5.12.2006

Communion, Experimentally

Today, I think I’m ready to tell the hard part of my story from last Sunday’s visit to a local Presbyterian church.

When Henry and I arrived at the church, we were directed to the smaller side chapel in the steeplehouse, since his choir was singing at the early 8:30 service. He went up and practiced their song and then came back to sit in the pew with me and his friend’s family. I noticed that a table in the front was set up for Communion, and only then remembered that since it was the first Sunday, this congregation would be having Communion today. I thought I should prepare Henry for what was coming.

I asked him if he remembered the time in First Day School when they acted out the whole Holy Week story – from palms to footwashing to resurrection appearances. (That was not my week to teach, but it was an amazing example of engaging religious ed. I should write more about that another time.) Anyway, Henry was dismissive of my explanations, yeah, Mom, whatever; and in fact, immediately after his choir sang, his friend asked him if he wanted to come to the nursery and they both left. But I was stuck there for the rest of the service.

The text for Sunday’s grown-up sermon was from Paul’s letter to the church in Corinth. (I Cor. 11:17-34 This isn't exactly the same translation, but it's close.) In this passage, Paul is admonishing them for their lack of faithfulness in observing the Lord’s supper. He scolds the Corinthians for not truly sharing – he says he’s heard that when they meet, each of them brings his own supper and some of them end up going away hungry and others of them get drunk. Pastor K. pointed out the phrase “discerning the body.” He explained that he thinks this means not only treating the wine and bread reverently, as befits Christ’s blood and body, but also paying attention to who else is among the body of the church. It is important to notice who at the Lord’s table (at our table) is hungry, who does not have enough. This was an important lesson for the people of Corinth and it is important for us today.

The pastor of this small, middle class Presbyterian church is not a radical theologian, as far as I can tell. But his simple words were very meaningful to me. It was a nicely put together worship service. The reading from the old testament was the 23rd Psalm: “thou preparest a table for me in the presence of mine enemies...” The hymns and prayers all hung together well. To me it was largely about eating mindfully, a topic which has been on my mind lately. The sense that eating together is always a form of communion. The reciting together, “Give us this day our daily bread…” Pastor K. made direct connections between the Corinthian’s version of the Lord’s supper and the potluck they were planning for lunch that day.

It really helped me to consider how I am part of this 2000 year old tradition of people who have been touched by Jesus.

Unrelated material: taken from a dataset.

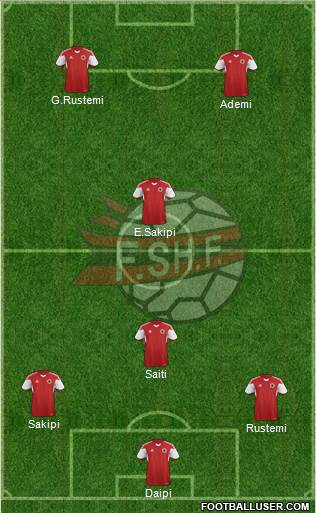 Albania Formation 2016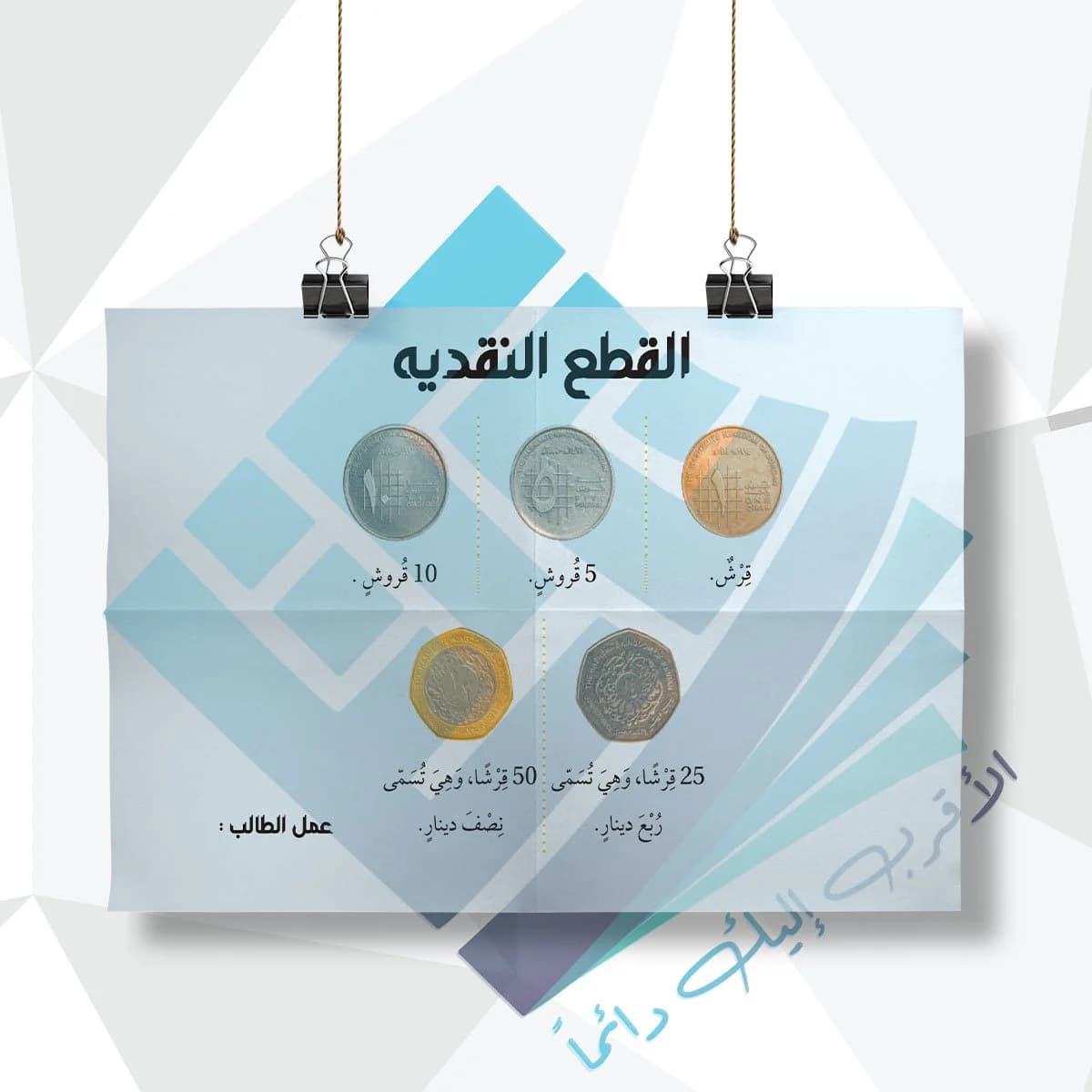 لوحة مدرسية عن القطع النقدية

Who gather again to eat together and to remember what he taught us about loving one another, about caring for our neighbors – paying attention to who isn’t getting enough, and sharing what we have.

So I can’t really explain what happened except to say that it was laid upon my heart fairly early that I was to partake of the Lord’s supper today, as it is practiced by the Presbyterians in their worship service. I was deeply challenged by the very idea. I said to myself, “But I’m a Quaker. We don’t take bread and wine in worship.” I haven’t taken Communion in maybe 25 years. I have been in plenty of worship services where I have chosen not to participate in this ritual, even when it was offered to me. But today felt different. When the pastor explained that you don’t have to be a member of the Presbyterian church, or any church to participate, he said, “You are welcome if you love Jesus Christ.” I asked myself, “Do I?” And the answer, at least for that moment, was, “I have to try.” So I stood up and got in line.

The pastor had explained that you could either break off a piece from the communal loaf or pick one that had already been cut, and you could either dip it in the communal cup or choose one of the tiny pre-poured individual cups. (Presbyterians are big on hygiene.) However, I knew I was meant to break a piece of the shared loaf and dip it in the shared cup. I had forgotten that the people holding the bread and cup would say, “The blood/body of Christ, given for you.” I was briefly surprised by the rough texture and sweet taste. I think I had forgotten for a moment that it was just bread and grape juice. And then I sat down and prayed. A wordless, heartbroken prayer. I cried a little. And then I wished I was at Quaker meeting so that the silence, the infinite communion with God could have gone on and on. I think there were announcements about adult religious education and about other ministries of the church. And then we sang another hymn and the pastor said another prayer and it was over. I had to collect myself, and my belongings, and my child, and make chitchat for a few minutes before we left. I couldn’t tell you anything that was said in this part of the service. But I will not forget that it was a powerful, religious experience for me.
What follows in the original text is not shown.